Some of you guys are really cheap bastards.  I would think MINIMUM would be how much you think the cost of dinner is (and yes, you can estimate it... you don't need to ask).  Thankfully my parents didn't raise me to be cheapasses, so when we go to weddings, we give both a nice present for their new life together, and money to at least cover the dinner.
		
 
		
	 
Maybe it's just the way I was raised and the way I think but I wouldn't expect someone to give me a gift equal to the cost of their dinner at my wedding reception.  I get a greater joy at seeing family/friends join me in celebration than I do at counting pennies.  Like I said before, the 
cost of a wedding is the responsibility of the 
bride/groom and their parents, not the guests.

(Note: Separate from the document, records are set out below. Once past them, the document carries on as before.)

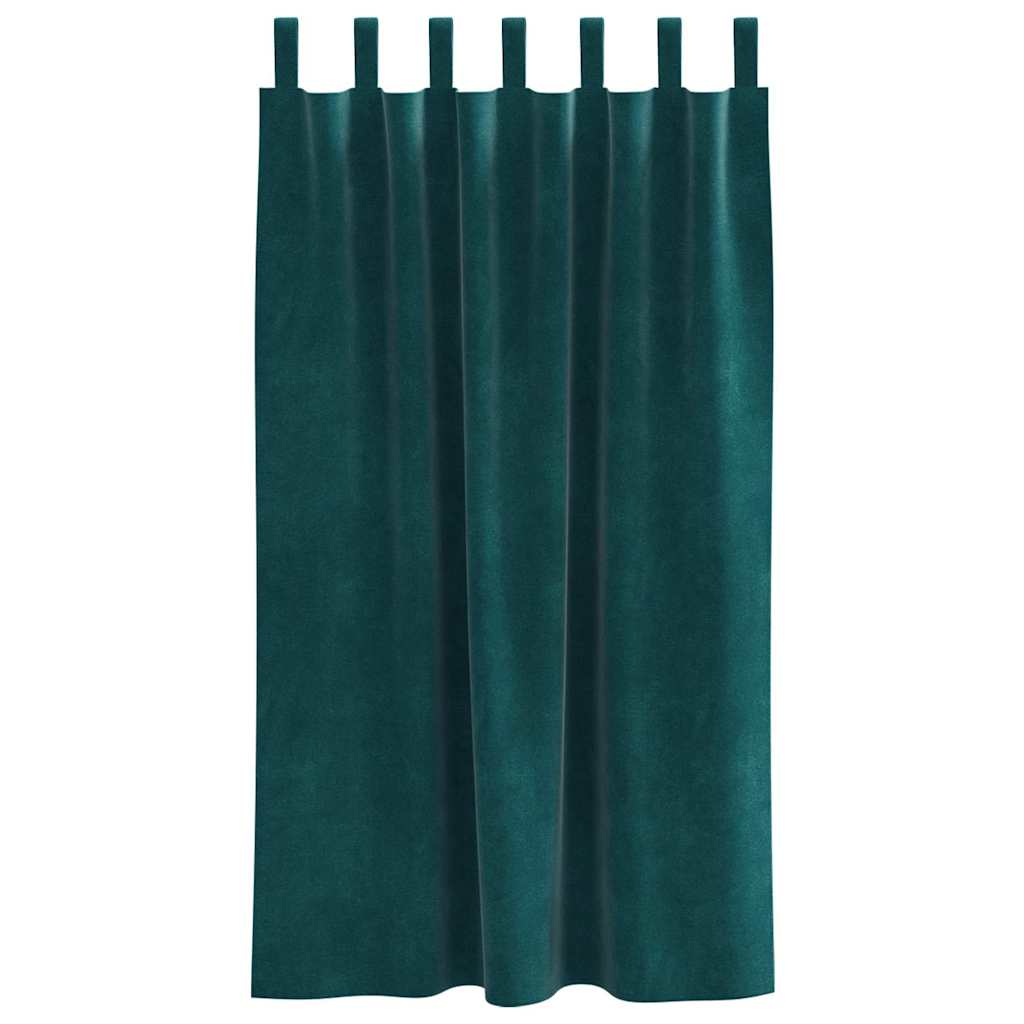 Tende 2 pz Verde Scuro 140 x 175 cm Velluto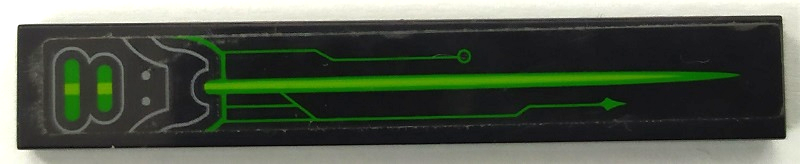 Lego Tile 1 x 6 with Hull Plates, Green and Lime Arrow and Circuitry Pattern Model Right Side (Sticker) - Set 72003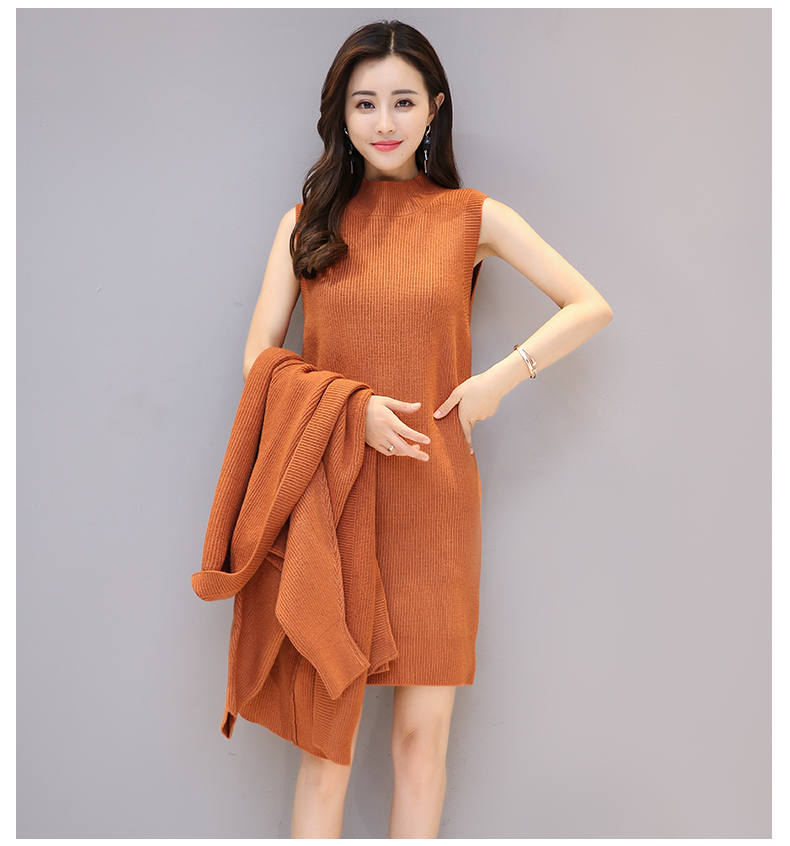 Đặc biệt hàng ngày mùa thu và mùa đông áo khoác mới của phụ nữ kích thước lớn dài lỏng dệt kim áo len hai dây váy len - Cardigan áo len nữ hàng hiệu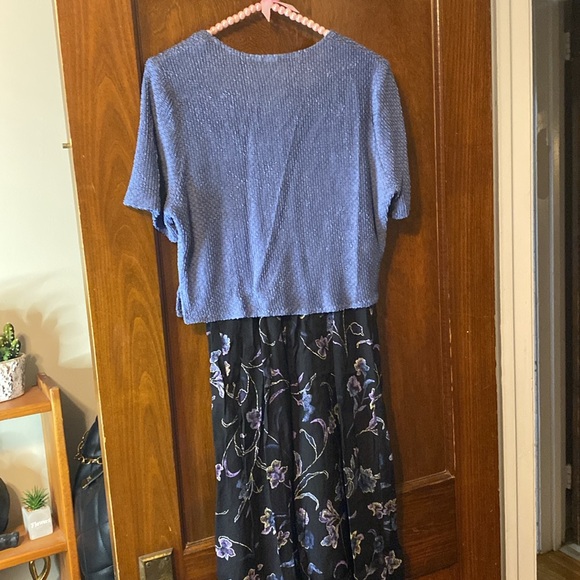 Vintage 2 piece set 😍 Sharade floral midi dress with blue cover up 😍😍😍 - Picture 12 of 17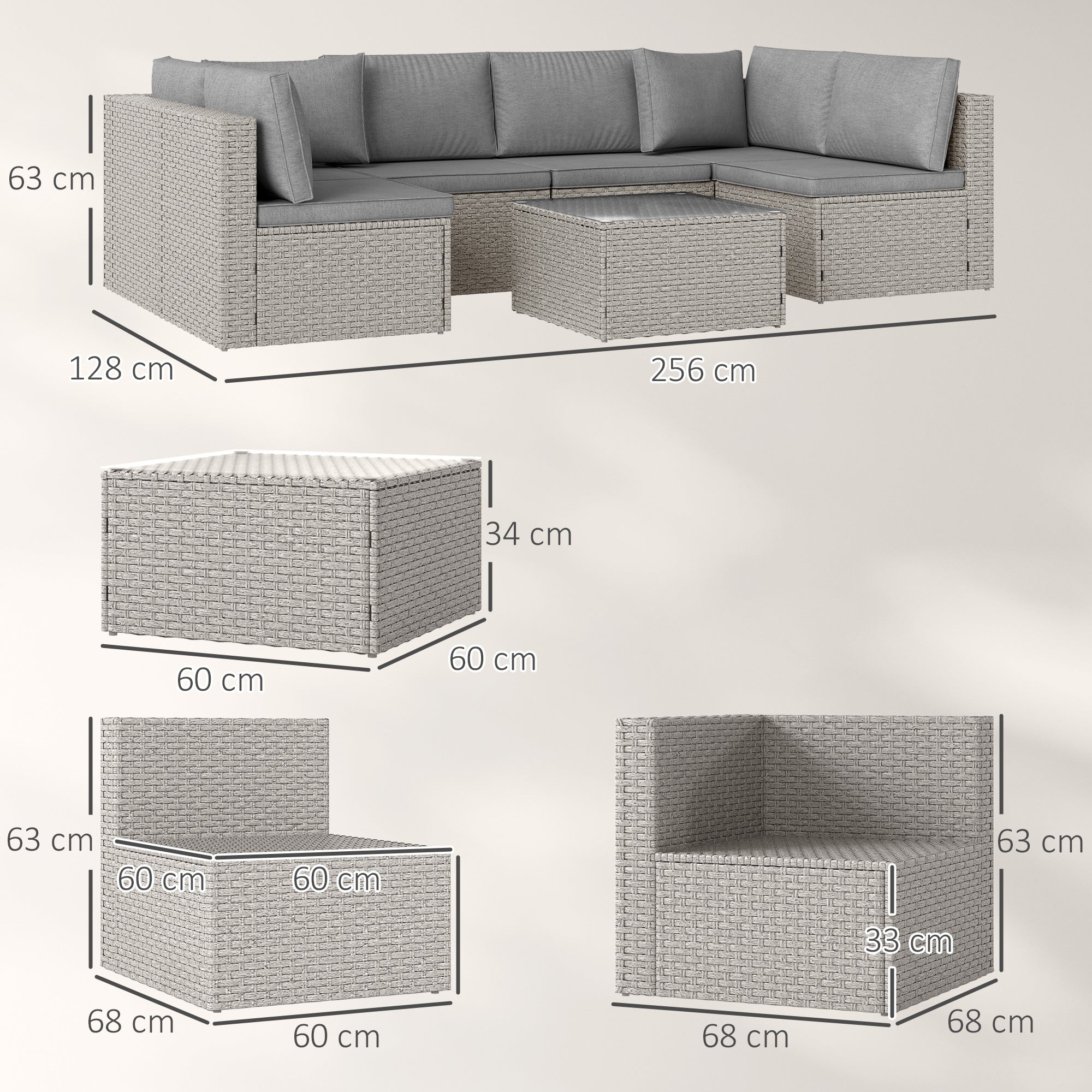 Outsunny Seven-Piece Modular Rattan Set - Grey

And, just because someone getting married wants to serve Porterhouse Steak and Lobster doesn't mean I need to pay for my dinner.  I give a gift I think the couple will enjoy (or select from the registry).  It may be more than dinner, it may be less.  But, they will know it was something I thought they would enjoy and I'm sure they won't worry if I was shy a few dollars of my 
cost for having been there to celebrate their joy.
Besides, is every guest supposed to know the cost of their dinner?  Is every guest to be supplied with a full invoice of the costs of the wedding?  And how is every guest supposed to even know what is even going to be served for dinner?
		 
		
	 
Have you ever actually planned a wedding, or had to budget for one???

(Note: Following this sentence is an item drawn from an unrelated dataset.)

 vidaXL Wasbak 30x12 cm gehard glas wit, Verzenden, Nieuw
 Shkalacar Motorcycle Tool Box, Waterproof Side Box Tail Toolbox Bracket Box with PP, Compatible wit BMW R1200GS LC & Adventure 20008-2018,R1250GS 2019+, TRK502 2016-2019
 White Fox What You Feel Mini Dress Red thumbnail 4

I'm in the midst of planning mine, aqnd even going "cheap" it's still going to be fairly expensive. We don't expect everyone to be dropping 50's in our hat at the end of the night, but we do know what each person will generally give, based on what we know of them. Outsde of the cost of a Pavillion, DJ, bartender and minister to administer the wedding, there's still cost of food, porta-potty rentals (we're having an outdoor reception at my fiance's parents), event insurance, bridal gown, my Armour (handmade by the way), and other assorted little things that crop up, like photographer andcatering staff....
It'll be a great time, and I'm sure everyone will enjoy a wedding that's not so stuffy as typical ones (medieval theme), but the money that could conceivably go into this, would be nuts..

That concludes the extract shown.